Set down without change every line from the line that contains "資聯(lián)(上海)人力資源服務(wù)有限公司" through the end of the listing, and only those lines. No pictures.

Start of EXERCISE DATA

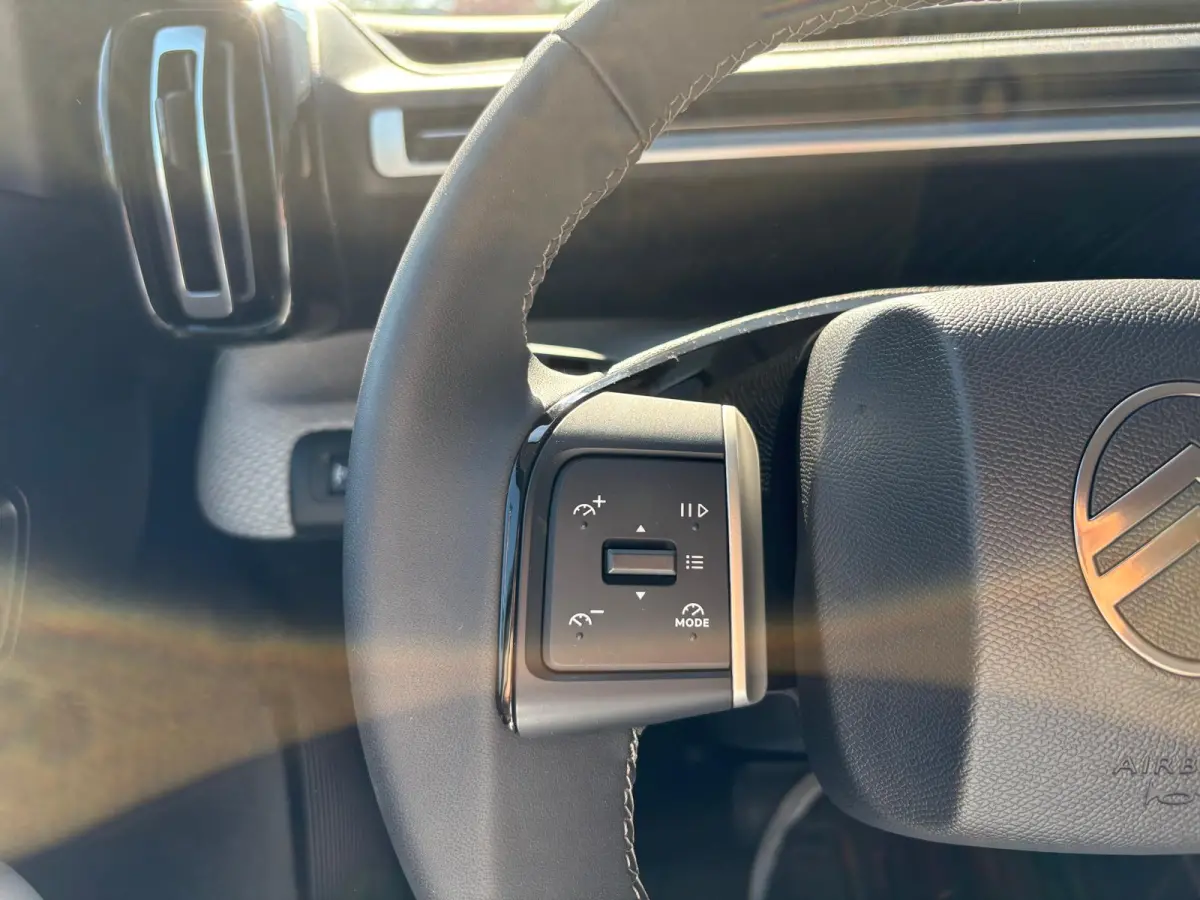 Max 113pk 44 kWh Navigatie/Camera/Parkeerhulp/Carplay-android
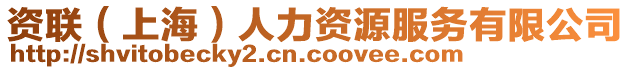 資聯(lián)(上海)人力資源服務(wù)有限公司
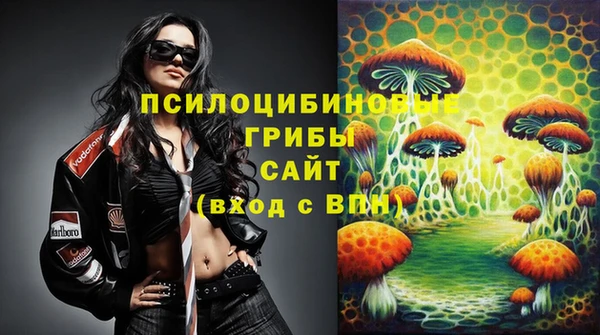 mix Арсеньев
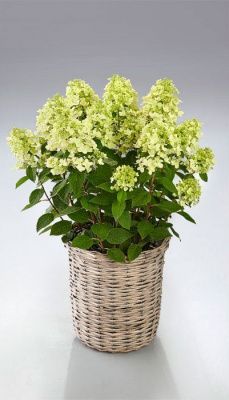 Гортензия метельчатая "Panflora"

End of EXERCISE DATA

EXERCISE RESPONSE -
 資聯(lián)(上海)人力資源服務(wù)有限公司
 mix Арсеньев
 Гортензия метельчатая "Panflora"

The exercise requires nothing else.